Once you've found the request you want, double-click it in Fiddler and select the "headers" tab in the upper-right pane. Those are the headers being sent. If your client sends exactly these headers to the server, you should get back the same data. But usually not all the headers are needed, so you'll want to figure out which ones are needed. You do this using Fiddler's Request Builder tab in the upper-right pane. Select that tab and drag your data request over from the left pane onto the request builder. Then submit the request to validate that it returns the correct results. Then start deleting headers, one header at a time, until the request stops working-- you know that that header was required. Try to delete each header until you find the ones that are required.
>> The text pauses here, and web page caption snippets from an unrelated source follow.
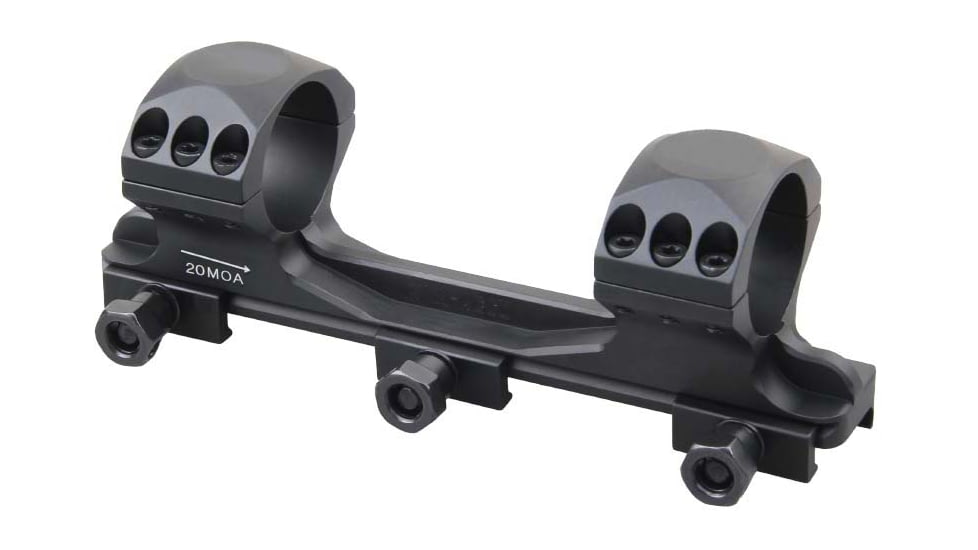 Vector Optics X-Accu One Piece 20MOA Medium Profile Picatinny Mount, 1.2 in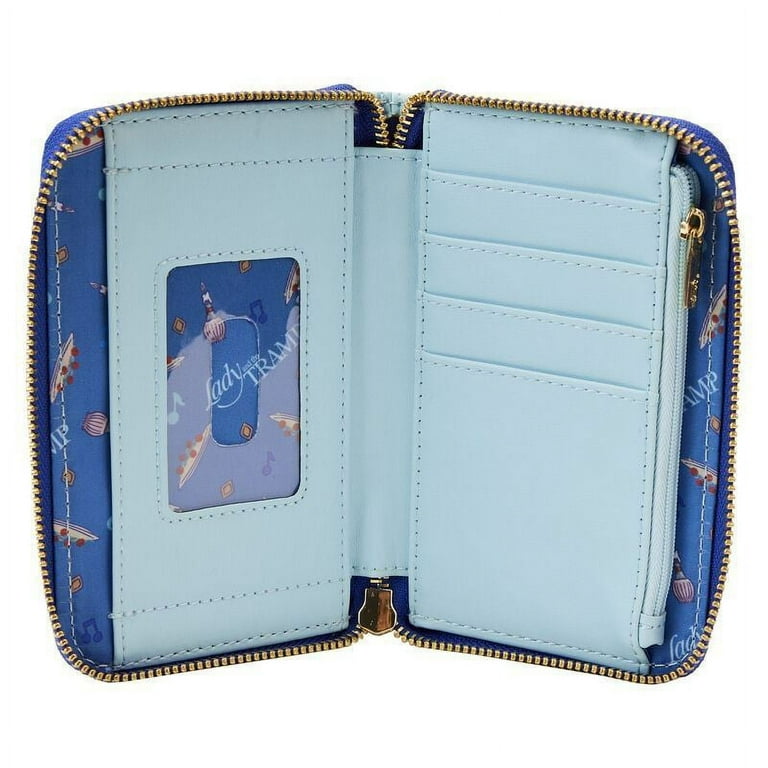 Loungefly Disney Lady and the Tramp Book Zip Around Wallet Walmart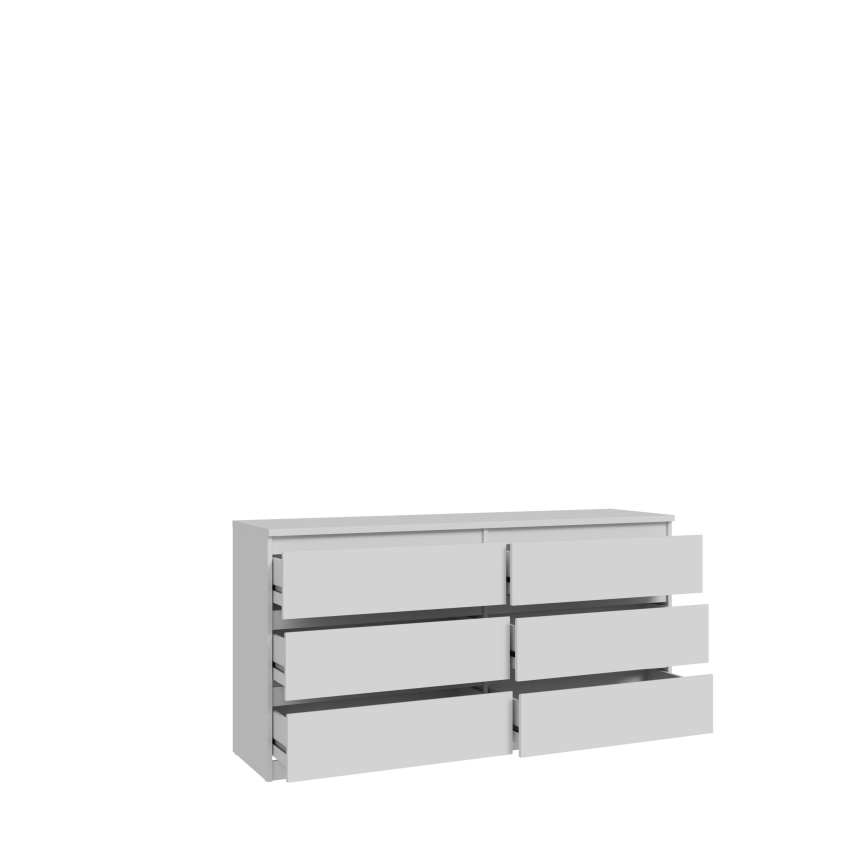 Byrå MAO med lådor, vit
Then, you'll need to write code to generate the right header. Don't worry about the Host: header, that's generated automatically for you. For the Cookie: header, you'll need to generate it using the CookieContainer class. For the other headers (e.g. UserAgent:, Accept:, etc. you can generally copy them and add them to your request as-is.

Justin Grant
I don't really understand. Fiddler shows 1 request only, that is the POST request sent. Nothing happens beyond that. I don't see how the data is requested, and no headers are appearing? What should it look like?
WebDevHobo
I'm assuming the POST you're talking about actually contains the data you're trying to fetch programmatically. If so, I expanded my answer to include more details about how to use fiddler to find the right request, to understand which headers are being sent, and to find which headers are required. Is this the info you were looking for?
Justin Grant
Okay, I got what I needed. Only thing that's still a mystery is the CookieContainer thing. I looked it up, but most tutorials were about ASP.NET. I'm using a small C# app for this, not ASP.NET
WebDevHobo
CookieContainer is a simple class to allow you to store cookies which come in from one request, and then send those cookies out in subsequent requests-- just like a browser does. CookieContainer works the same way regardless of whether your client is an ASP.NET or a C# console app or WinForms or any other client app type.